■ Problem ■
What you give back must match the records below exactly, apart from the pictures, which are omitted.

(Crawled caption data)
»»

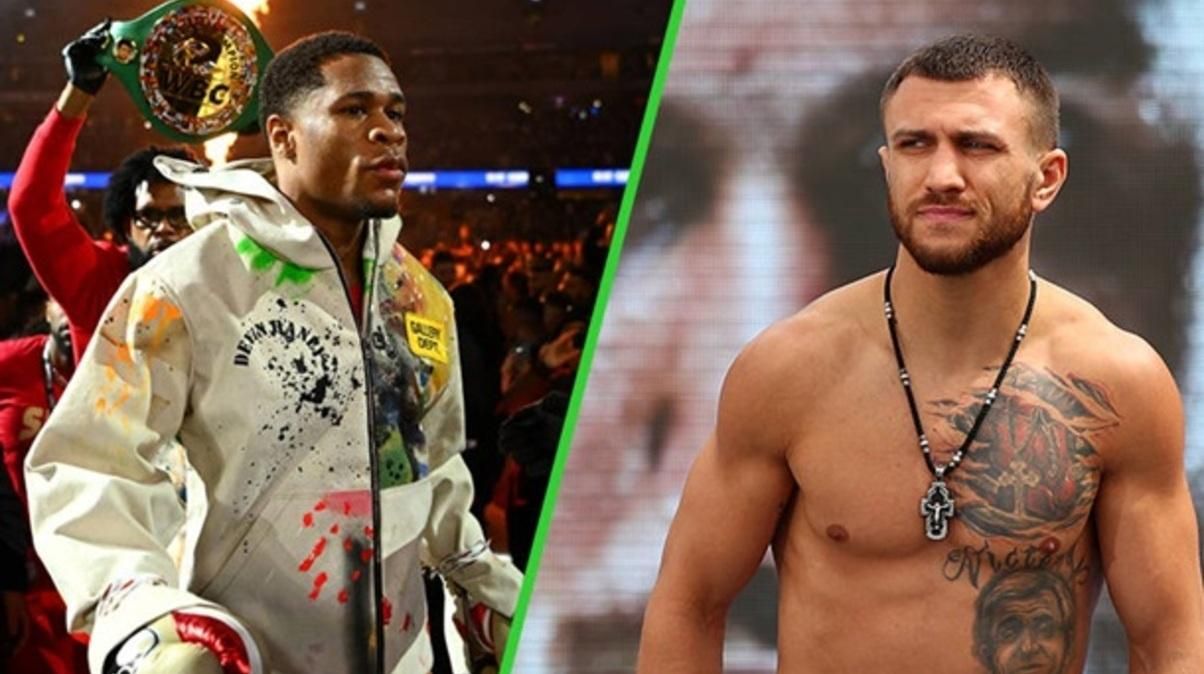 Хейні – Ломаченко / колаж Atletic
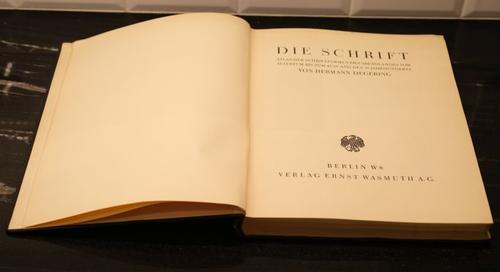 E260 - Die Schrift - 1929 - 0048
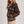 Plaid Wide Collar Knit Sweater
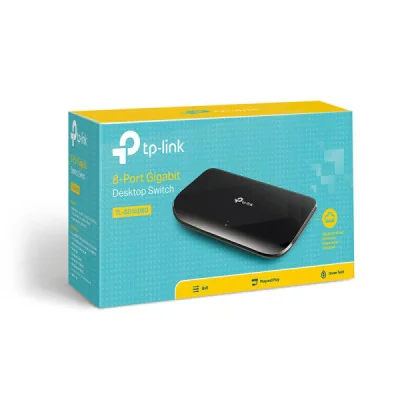 TP-Link TL-SG1008D Switch de Escritorio Gigabit de 8 Puertos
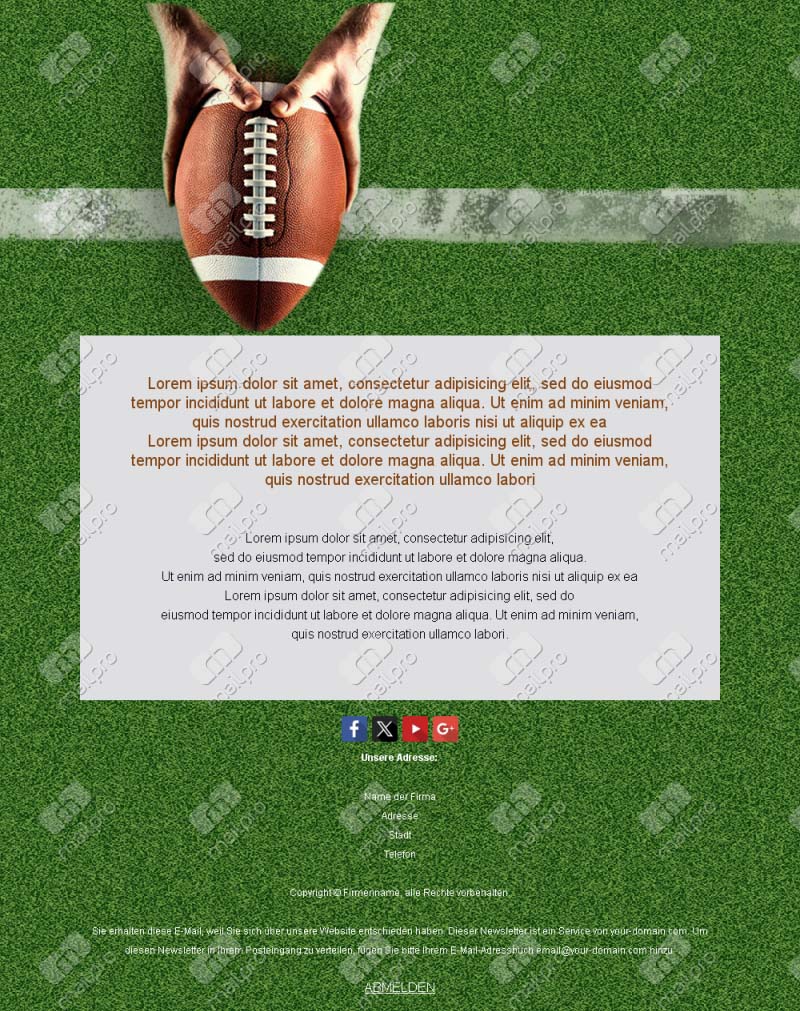 American Football Highlights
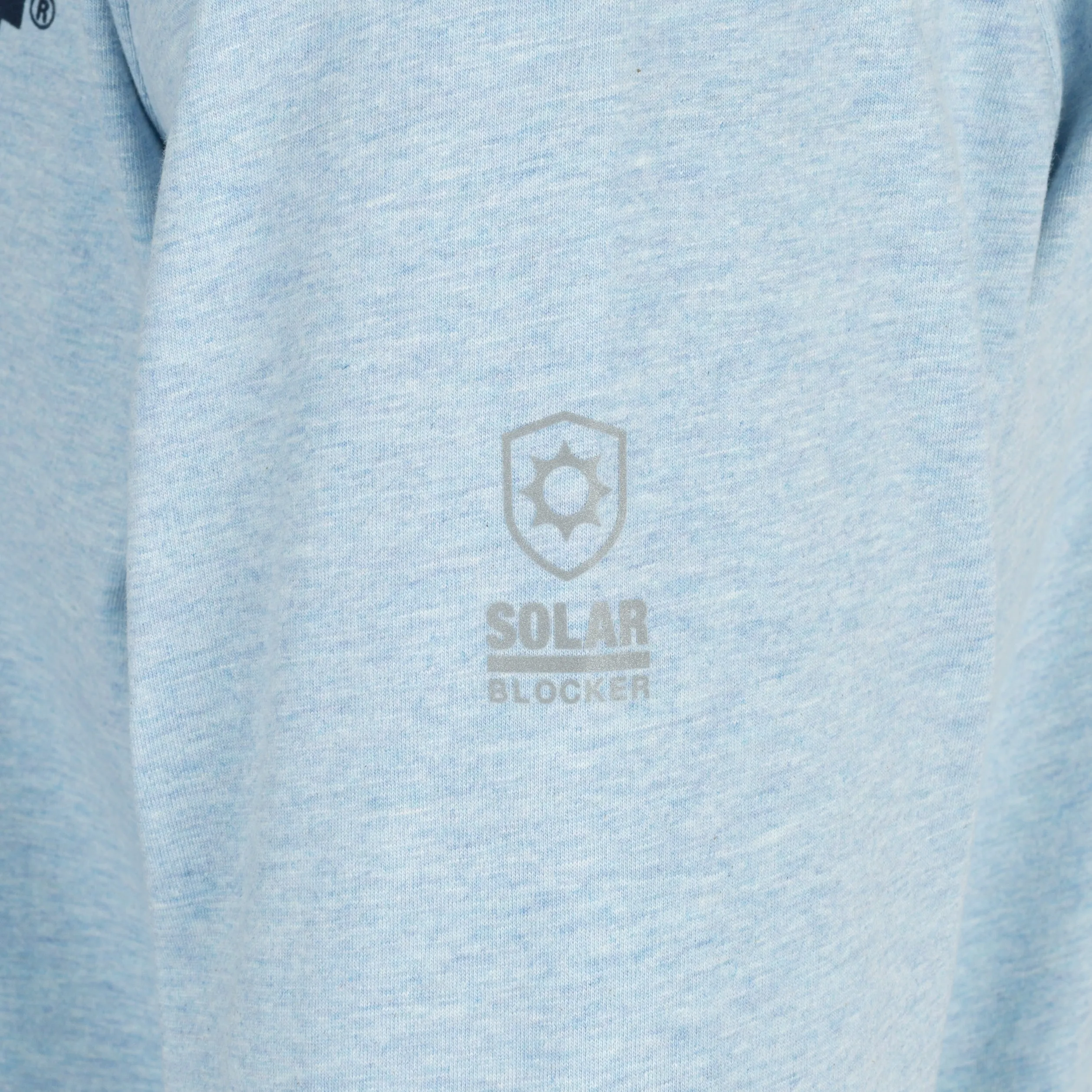 Dance Flow UPF Hooded Banner Long Sleeve Tee - Mens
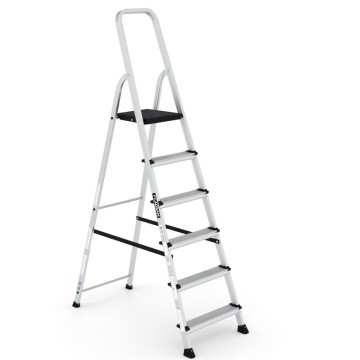 Çağsan 5+1 Basamaklı Bergama Tablalı Merdiven (BG5)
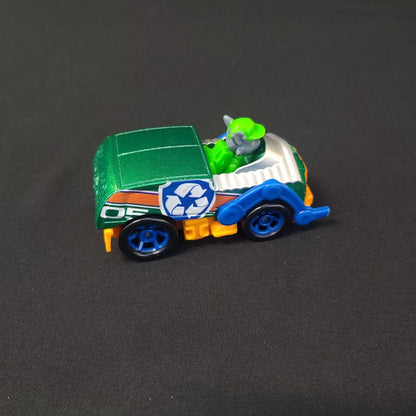 PAW Patrol True Metal Diecast Rocky Recycle Vehicle - Collectible Toy Car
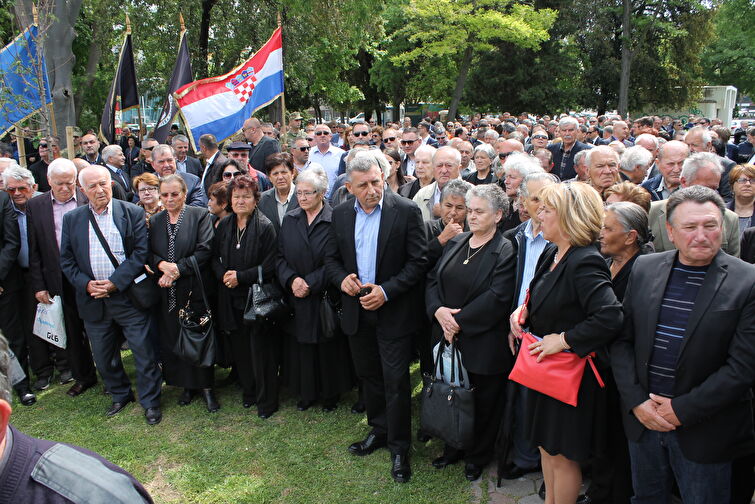 Otvaranje spomenika poginulim braniteljima Domovinskog rata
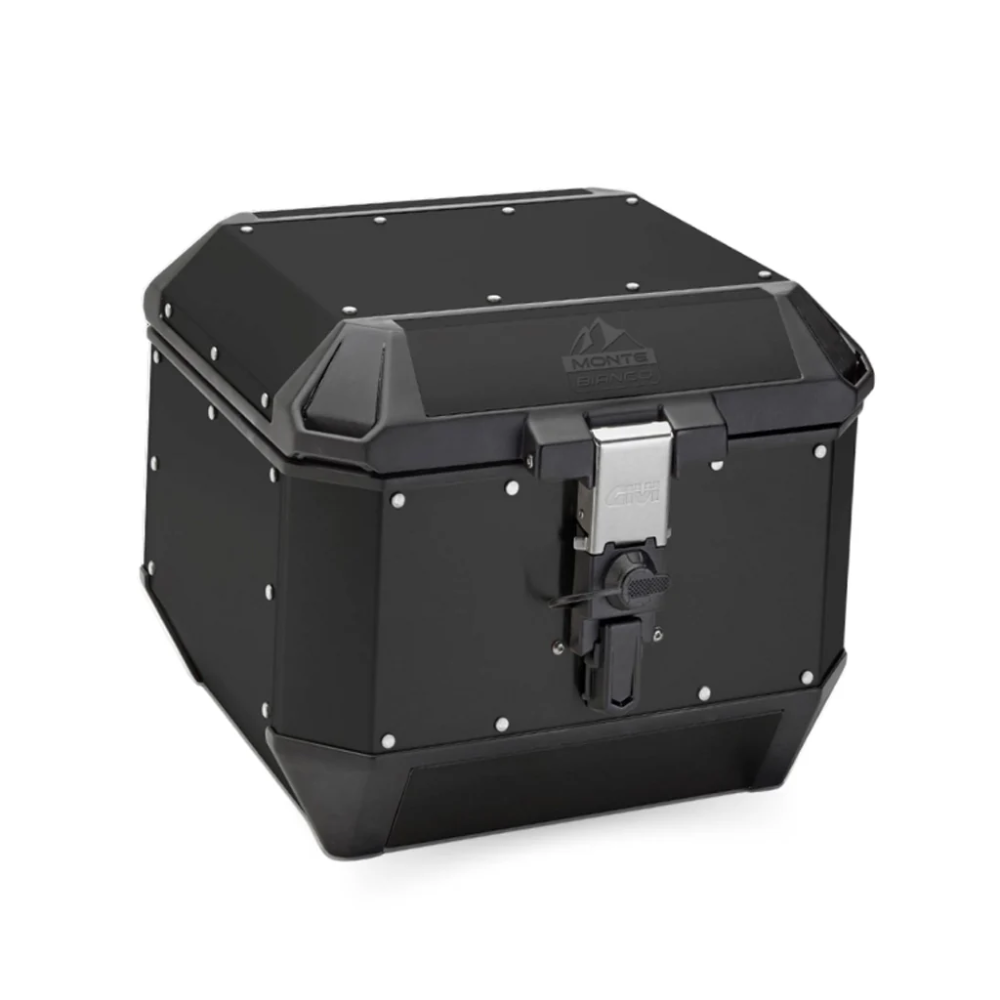 Givi Trekker Monte Bianco Aluminium Top Case-MTB45B-ADV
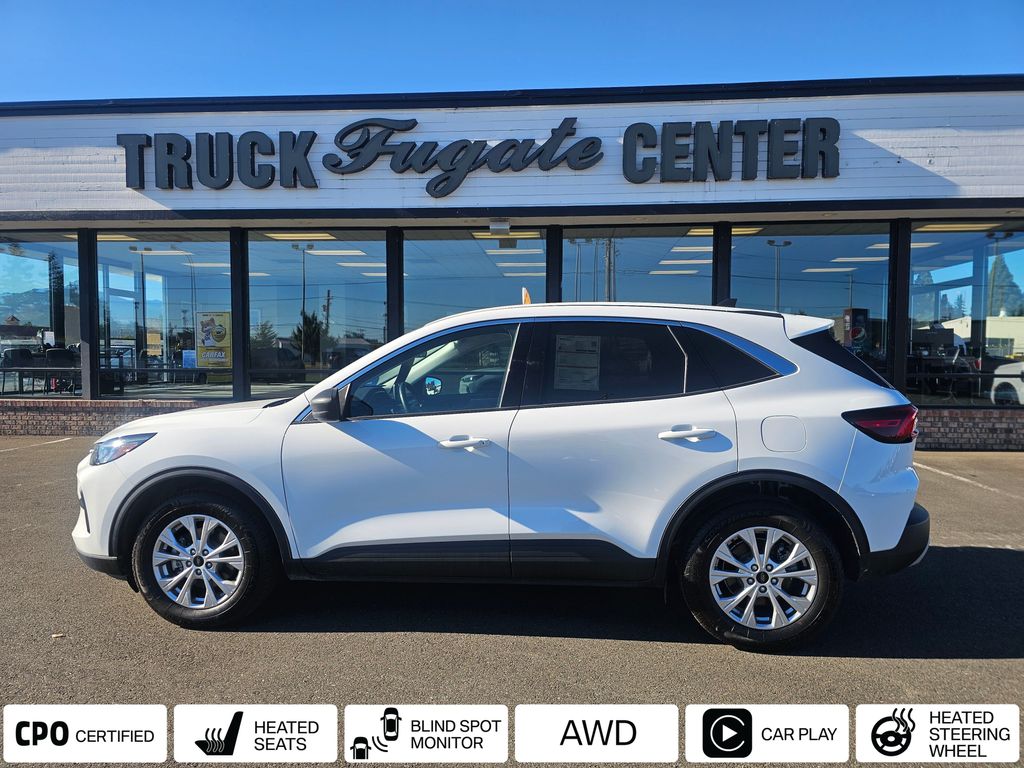 Oxford White 2024 Ford Escape SUV / Crossover All-Wheel Drive 8-Speed Automatic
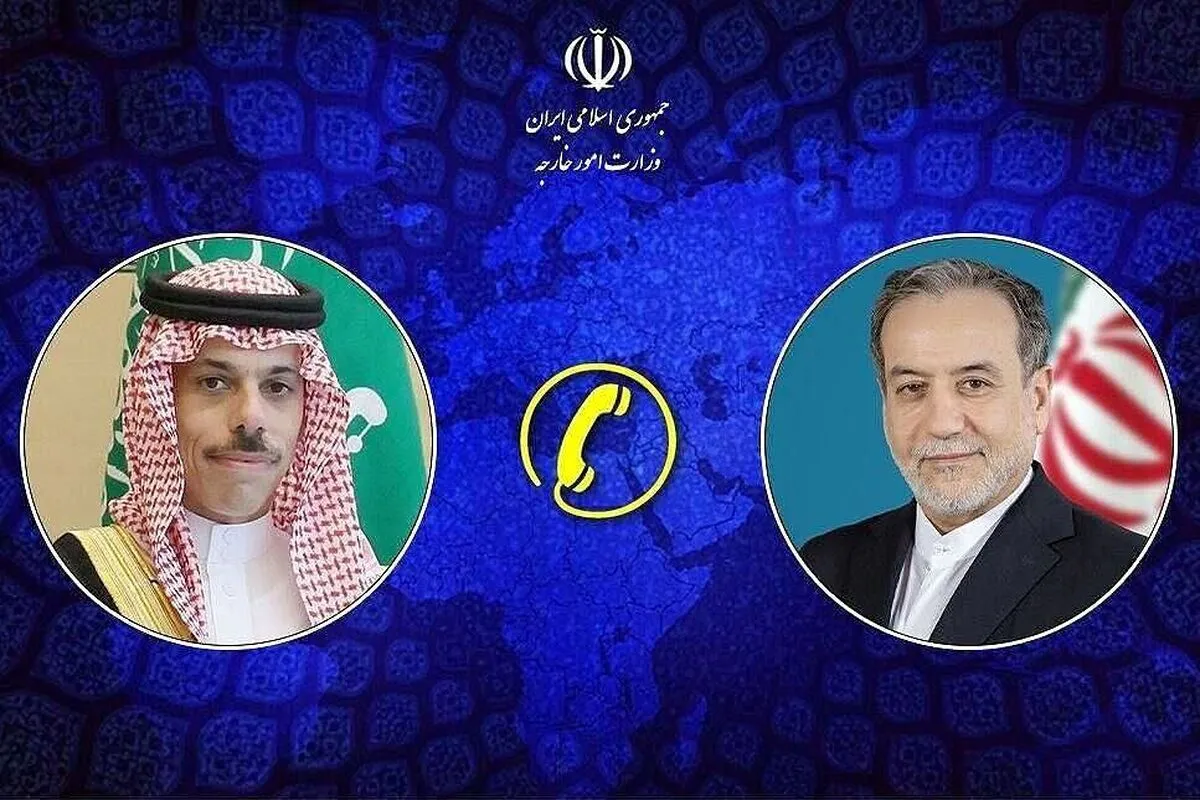 Iranian and Saudi FMs discuss developments related to MoU on ending war with US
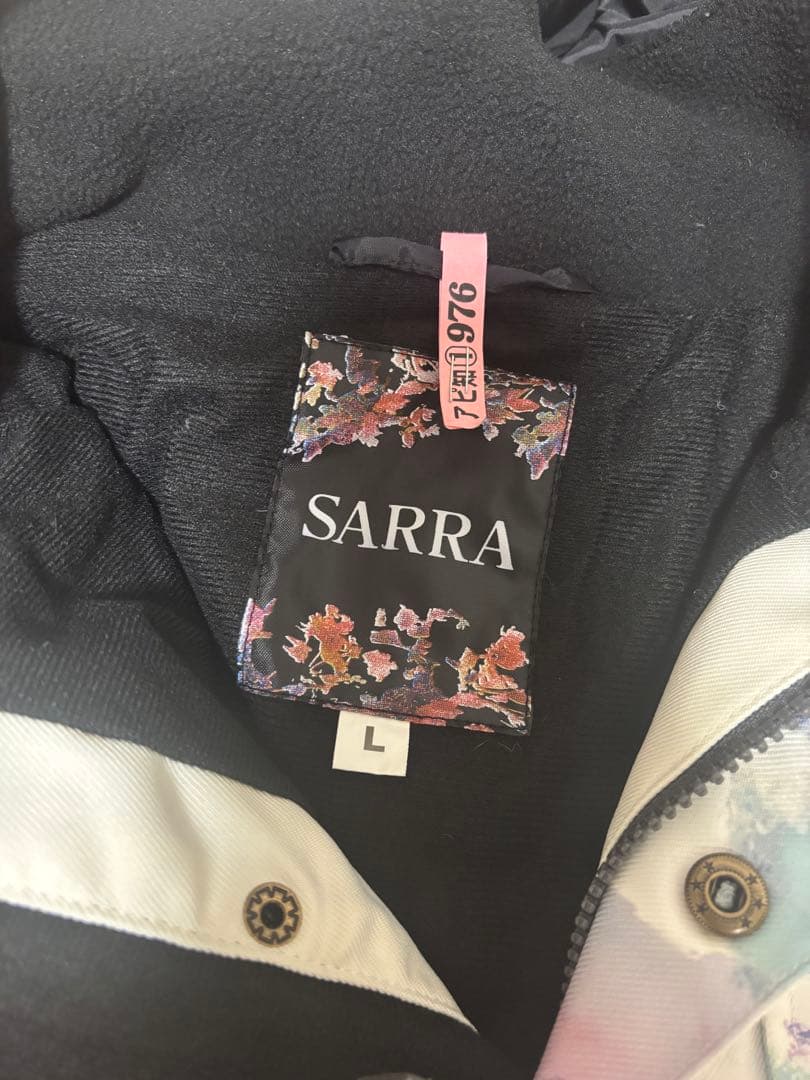 SARRA スノボウェア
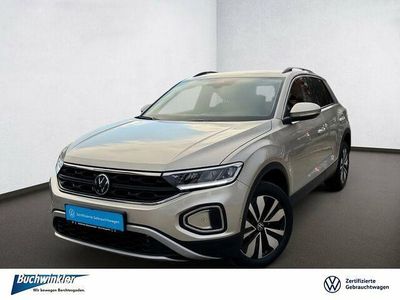 Gebraucht VW T-Roc Move 150 PS (110 kW) 2023 Silber SUV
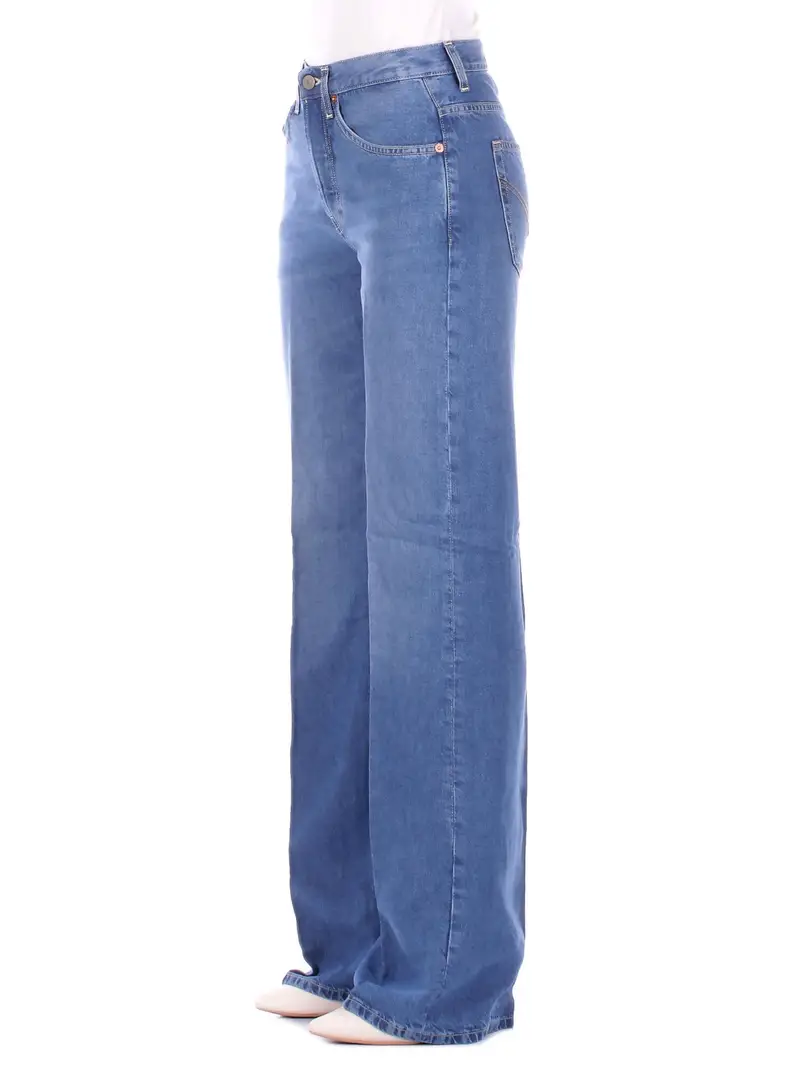 DONDUP Jeans Donna Blu 4178437 miniatura 2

««

■ Answer space ■
 Хейні – Ломаченко / колаж Atletic
 E260 - Die Schrift - 1929 - 0048
 Plaid Wide Collar Knit Sweater
 TP-Link TL-SG1008D Switch de Escritorio Gigabit de 8 Puertos
 American Football Highlights
 Dance Flow UPF Hooded Banner Long Sleeve Tee - Mens
 Çağsan 5+1 Basamaklı Bergama Tablalı Merdiven (BG5)
 PAW Patrol True Metal Diecast Rocky Recycle Vehicle - Collectible Toy Car
 Otvaranje spomenika poginulim braniteljima Domovinskog rata
 Givi Trekker Monte Bianco Aluminium Top Case-MTB45B-ADV
 Oxford White 2024 Ford Escape SUV / Crossover All-Wheel Drive 8-Speed Automatic
 Iranian and Saudi FMs discuss developments related to MoU on ending war with US
 SARRA スノボウェア
 Gebraucht VW T-Roc Move 150 PS (110 kW) 2023 Silber SUV
 DONDUP Jeans Donna Blu 4178437 miniatura 2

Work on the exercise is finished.